Jesus acknowledged to the Pharisees that it is unlawful for an unsanctified person to eat of the showbread at the tabernacle of God. And it was true that, normally, only the priests were sanctified and ceremonially fit to eat it. But why did the High Priest ask David whether any of the men had lain with women in the last three days? Only one incident in the Bible connects three days of celibacy with ceremonial sanctification for non-priests. Ahimelech was going all the way back to the giving of the Ten Commandments at Mt. Sinai for a lawful way to be merciful to the hungry men. “So Moses went down from the mountain to the people and sanctified the people, and they washed their clothes. And he said to the people, ‘Be ready for the third day; do not come near your wives…’ And Moses brought the people out of the camp to meet with God, and they stood at the foot of the mountain” (Exodus 19:14–15, 17).

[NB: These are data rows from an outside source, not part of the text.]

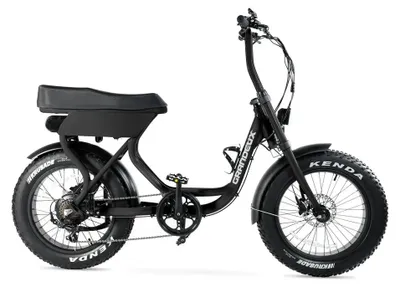 Productafbeelding van Grandeux Xcite - Elektrische Fatbike incl. kettingslot - 20 inch - 250W motor - Actieradius tot 80 km - 7 versnellingen - Hydraulische schijfremmen - 480Wh accu - Zwart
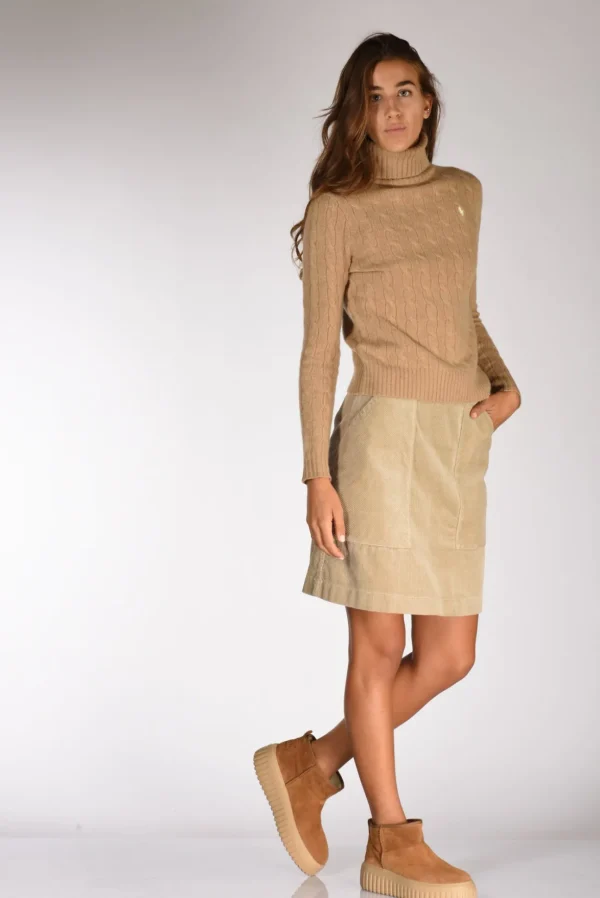 boot h-stripes beige scuro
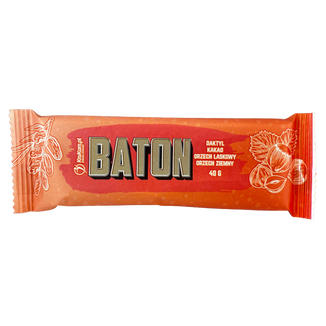 KruKam Baton daktylowy z kakao i orzechami, 40 g - zdjęcie produktu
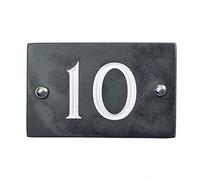 Slate number plaque with 2 digits FREE slate care oil - Numbers 1 to 99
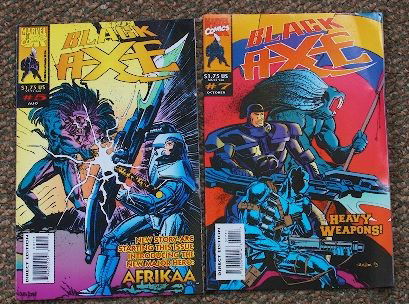 Black Axe Vintage Comic Books Lot (2) CB508: Black Axe Vintage Comic Books Lot (2) CB508 Good Used/Handled Condition. - Thank you for viewing this lot. We are always adding new inventory and new auctions, so check back often. We appreciate your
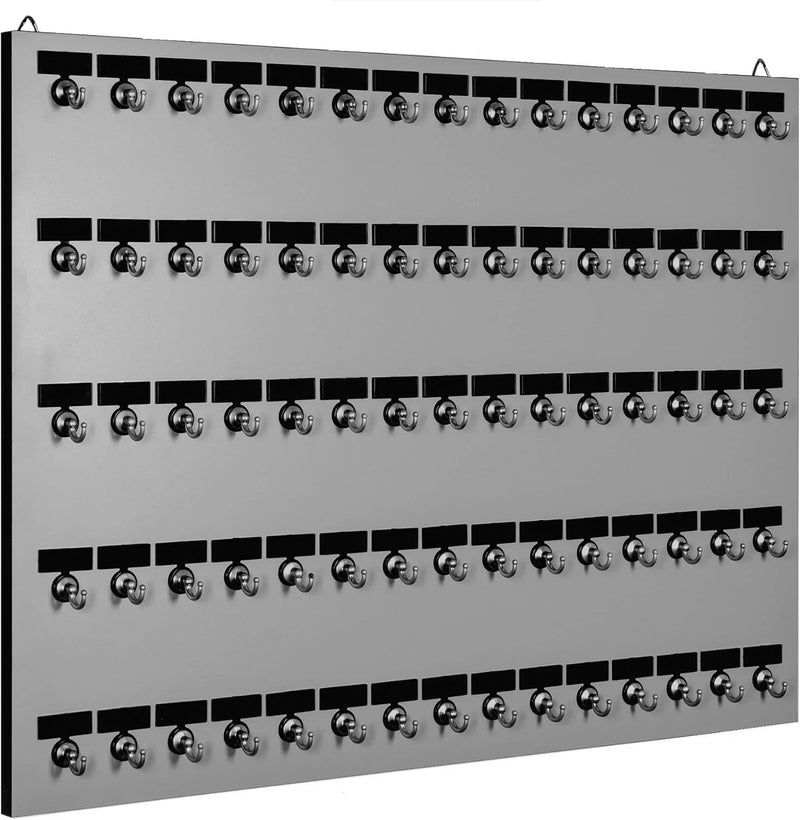 Metal key rack, equipped with 75 metal hooks fixed by bolts Q9758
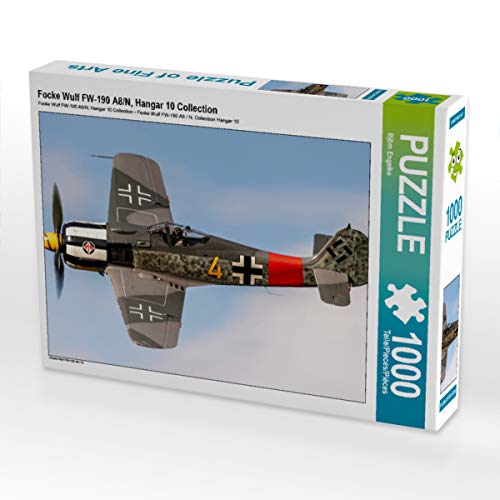 CALVENDO Puzzle Focke Wulf FW-190 A8/N, Hangar 10 Collection 1000 Teile Lege-Größe 64 x 48 cm Foto-Puzzle Bild von Björn Engelke von CALVENDO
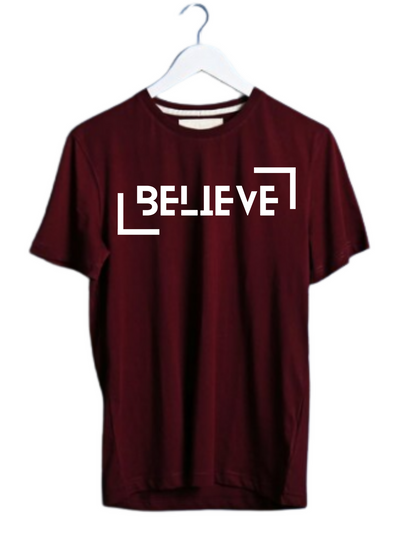 BELIEVE PRINT UNISEX T-SHIRT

In this manner, God allowed the congregation to become ceremonially sanctified so that they could come before Him and hear the commandments spoken.
The High Priest did not tell David and his men that they could do something unlawful. He made a lawful ruling based on an ancient precedent set by God through Moses, and in doing so exercised mercy on the hungry—perhaps starving—men. This ruling allowed the men to eat, because they were ceremonially sanctified through their three-day abstinence. Even a priest had to be ceremonially sanctified to eat the showbread lawfully (although this sanctification was done differently). The High Priest could have easily taken the more restrictive view, but he understood that this would not have been the most righteous approach. Notice also that David seems immediately to recognize Ahimelech’s reference, so the possibility arises that the three days of abstinence ruling was an existing oral tradition of which David was aware.
Under other circumstances the actions of David, his men and the High Priest would have been unlawful. But Jesus was pointing out that David’s actions were not unlawful in this case. Some say that Jesus justified His disciples’ breaking the law because He thought David broke the law, but in fact, Jesus mentioned the incident with the showbread because the actions of both David and the disciples were lawful and righteous.
In the parallel account given in Matthew 12, Jesus quoted Hosea 6:6 and said, “But if you had known what this means, ‘I desire mercy and not sacrifice,’ you would not have condemned the guiltless. For the Son of Man is Lord even of the Sabbath” (Matthew 12:7–8).
Jesus showed the Pharisees that their traditional interpretation of the Torah in this matter was incorrect, and for His ruling He cited David’s High Priest, who cited Moses, who quoted God. Since we know that Jesus is the God of the Old Testament, Jesus was, in effect, citing Himself. He is indeed “the Lord of the Sabbath,” and having made it for mankind, it is His right to interpret it for mankind. In doing so, He magnified and affirmed the Sabbath.